La loi crée un nouveau délit, puni de deux ans d’emprisonnement et de 30 000 € d’amendes, pour « le fait d’empêcher ou de tenter d’empêcher de pratiquer ou de s’informer sur une IVG (ou les actes préalables) par tout moyen y compris par voie électronique ou en ligne, notamment par la diffusion ou la transmission d’allégations ou d’indications de nature à induire intentionnellement en erreur, dans un but dissuasif, sur les caractéristiques ou les conséquences médicales d’une IVG :

  • soit en perturbant l’accès aux établissements (etc.),
  • soit en exerçant des pressions morales et psychologiques, des menaces ou tout acte d’intimidation à l’encontre des personnes cherchant à s’informer sur une IVG (etc.) ».

Les parlementaires avaient déposé un recours devant le Conseil constitutionnel (qui a validé hier le texte), en insistant sur l’atteinte à la liberté d’expression résultant de cette nouvelle loi. C’est peu de le dire mais cela va plus loin. Ce nouveau délit conteste la possibilité même de décrire la réalité de l’acte d’avorter qu’il assimile à des allégations mensongères. Il considère que la dissuasion de l’avortement, par définition, ne peut procéder que de propos de nature à induire en erreur. En conséquence, parler de l’avortement, de ses caractéristiques ou de ses conséquences, par le seul fait d’être réputé « contre », devient délictuel. Pas un instant le texte n’imagine qu’une femme puisse renoncer librement à un avortement après avoir entendu une information juste. Il n’envisage pas non plus de réprimer une information mensongère qui serait, elle, incitative de l’avortement. L’incitation est donc permise même par le mensonge. Lorsque la loi évoque « des pressions morales et psychologiques », le piège se referme. Il est évident que tout peut être retenu comme une pression morale et psychologique : montrer une échographie du bébé, faire écouter son cœur, prononcer le mot d’enfant, expliquer que l’avortement supprime une vie, que cette séparation sera souvent une source de souffrances voire de remords, qu’il y a d’autres chemins, que des aides soient possibles, etc.
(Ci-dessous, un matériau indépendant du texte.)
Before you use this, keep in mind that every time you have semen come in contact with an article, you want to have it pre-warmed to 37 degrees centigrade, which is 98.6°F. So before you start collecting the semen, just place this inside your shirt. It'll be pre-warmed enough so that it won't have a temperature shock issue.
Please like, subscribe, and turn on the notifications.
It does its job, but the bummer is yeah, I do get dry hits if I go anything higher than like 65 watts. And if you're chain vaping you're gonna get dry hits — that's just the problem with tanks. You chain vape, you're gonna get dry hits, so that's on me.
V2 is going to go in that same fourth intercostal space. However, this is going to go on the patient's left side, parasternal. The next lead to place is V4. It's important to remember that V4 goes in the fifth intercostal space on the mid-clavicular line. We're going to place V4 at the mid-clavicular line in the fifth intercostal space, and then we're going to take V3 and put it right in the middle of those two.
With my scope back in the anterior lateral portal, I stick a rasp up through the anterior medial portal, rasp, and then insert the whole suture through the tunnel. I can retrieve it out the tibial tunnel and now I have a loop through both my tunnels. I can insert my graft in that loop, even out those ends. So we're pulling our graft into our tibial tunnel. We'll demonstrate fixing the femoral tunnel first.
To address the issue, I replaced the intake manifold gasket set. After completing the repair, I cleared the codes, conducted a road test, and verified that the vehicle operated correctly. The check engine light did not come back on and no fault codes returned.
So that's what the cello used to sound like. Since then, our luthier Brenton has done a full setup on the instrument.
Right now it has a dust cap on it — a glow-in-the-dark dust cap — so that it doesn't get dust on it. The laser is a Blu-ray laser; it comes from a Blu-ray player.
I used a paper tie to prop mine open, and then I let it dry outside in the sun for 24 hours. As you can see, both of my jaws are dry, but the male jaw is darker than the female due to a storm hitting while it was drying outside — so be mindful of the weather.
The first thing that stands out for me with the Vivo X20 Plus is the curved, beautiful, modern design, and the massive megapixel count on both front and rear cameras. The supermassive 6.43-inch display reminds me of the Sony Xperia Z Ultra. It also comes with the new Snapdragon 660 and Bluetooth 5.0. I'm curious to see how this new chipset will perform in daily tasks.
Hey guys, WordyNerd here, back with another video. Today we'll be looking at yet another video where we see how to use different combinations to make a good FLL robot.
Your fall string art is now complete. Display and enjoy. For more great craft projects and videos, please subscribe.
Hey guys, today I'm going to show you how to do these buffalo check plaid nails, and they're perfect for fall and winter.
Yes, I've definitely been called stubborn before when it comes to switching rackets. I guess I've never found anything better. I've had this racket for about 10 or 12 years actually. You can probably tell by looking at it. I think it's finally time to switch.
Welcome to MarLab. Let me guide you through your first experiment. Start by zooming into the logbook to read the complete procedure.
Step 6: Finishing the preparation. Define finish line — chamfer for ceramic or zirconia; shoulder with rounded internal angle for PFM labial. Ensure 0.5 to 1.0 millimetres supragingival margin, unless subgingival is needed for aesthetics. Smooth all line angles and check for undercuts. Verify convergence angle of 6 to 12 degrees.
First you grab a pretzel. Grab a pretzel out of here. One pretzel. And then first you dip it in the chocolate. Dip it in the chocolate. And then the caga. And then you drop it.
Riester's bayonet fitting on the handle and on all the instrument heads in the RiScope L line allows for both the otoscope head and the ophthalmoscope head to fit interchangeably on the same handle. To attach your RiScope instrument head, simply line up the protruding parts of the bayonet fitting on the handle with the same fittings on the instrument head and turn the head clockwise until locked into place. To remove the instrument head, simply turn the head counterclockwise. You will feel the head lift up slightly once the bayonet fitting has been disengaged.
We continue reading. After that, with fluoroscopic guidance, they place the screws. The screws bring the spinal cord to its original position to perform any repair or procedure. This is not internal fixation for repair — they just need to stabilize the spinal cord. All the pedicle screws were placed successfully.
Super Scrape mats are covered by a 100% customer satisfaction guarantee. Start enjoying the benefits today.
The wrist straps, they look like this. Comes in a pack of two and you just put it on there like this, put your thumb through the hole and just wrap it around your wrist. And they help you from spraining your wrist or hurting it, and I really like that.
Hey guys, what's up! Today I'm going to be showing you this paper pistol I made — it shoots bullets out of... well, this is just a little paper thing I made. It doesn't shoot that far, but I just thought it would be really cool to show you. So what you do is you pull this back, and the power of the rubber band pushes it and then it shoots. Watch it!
Les mots de la ministre d’ailleurs sont sans équivoque : « produire des témoignages émotifs et angoissants ne relève pas de la liberté d’expression ». Ceux qui ne souscrivent pas à la doxa officielle sont donc présumés coupables de vouloir induire intentionnellement en erreur. Mais quand la ministre affirme que « l’IVG n’est pas l’interruption d’une vie », alors le cours des choses s’inverse, c’est elle qui propage l’erreur. Car, dans le monde, il n’existe pas de scientifiques ou de médecins, dignes de ce nom, qui puissent contredire le fait – ce n’est pas une opinion – que « le petit de l’homme est un homme petit » et que l’avortement met un terme à sa vie. Sauf à entrer dans ce qui s’annonce après le transhumanisme, à savoir la « post-vérité », c’est-à-dire le renoncement explicite à toute certitude et à toute sincérité.

A nous de rouler la pierre du tombeau mais jamais nous n’aurons la force d’y arriver sans vous. »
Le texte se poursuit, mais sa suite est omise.